The eating together at communal tables, and any other close-quarters communal activities, seem far more relevant to increased R than the air conditioning system and the free airflow.
As such, while the small particles may not exists in sufficient quantities when it is just one infected, or a few infected inmates, but with each infected inmate the concentrations of those small particles will increase. Let's say they're normally 0.5% of the total particle exhalations: 10 inmates get sick through direct contact, and their combined exhalations bring the quantity of smaller, longer lived particles up to an equivalent of 5%. More get sick through contact, bringing it to 20%. At some point, you hit a critical mass where there is a sufficient concentration to infect people, and creates a downward spiral from there.
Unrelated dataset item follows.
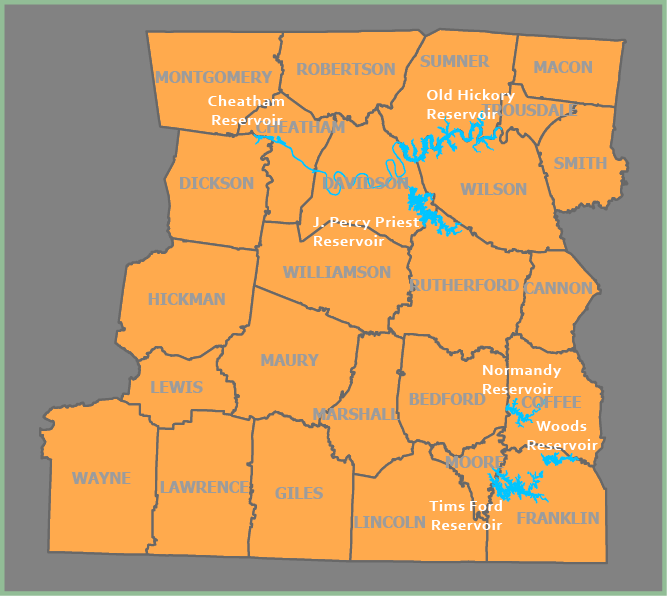 Map of Middle Tennessee Region 2 showing counties and major reservoirs including Old Hickory, Percy Priest, Normandy, Woods, and Tims Ford.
Prisons are much worse. Chow line with men almost heel to toe. Commissary line. Med line. Recycled air. Big crowds in small spaces.
> Prisons are much worse. Chow line with men almost
> heel to toe. Commissary line. Med line. Recycled
> air. Big crowds in small spaces.
The soap is expensive, they don't have it and masks are not allowed.
Popular restaurants, clubs, sporting events, concerts, movie theaters, stores on Black Friday, etc etc etc.
(Personally, I’ve been on 5 different cruises and they’ve each been among the best vacations of my life. But lol lots of people so they must be just like prisons amirite?)
Perhaps you do. But if you don’t, none of those things are similar to a week-long cruise at all, since you are there for hours and not days.
I don't live asses-to-elbows in line with people for a full week on a cruise ship either. I have a room to myself. What point are you trying to make, exactly?
<18 Under 18 6 0.0%
18 Ages 18-21 1,866 1.1%
22 Ages 22-25 8,366 4.9%
26 Ages 26-30 21,931 12.8%
31 Ages 31-35 28,182 16.4%
36 Ages 36-40 31,206 18.2%
41 Ages 41-45 26,545 15.5%
46 Ages 46-50 19,979 11.6%
51 Ages 51-55 13,749 8.0%
56 Ages 56-60 9,475 5.5%
61 Ages 61-65 5,467 3.2%
>65 Over 65 4,746 2.8%
Local demographics will vary wildly but it looks like the baseline would be 16% 65 and older, 13% in the range of 55-64. Since we're talking about prisons we should probably ignore the population under 18, so the normalized expected population over 65 is closer to 20%.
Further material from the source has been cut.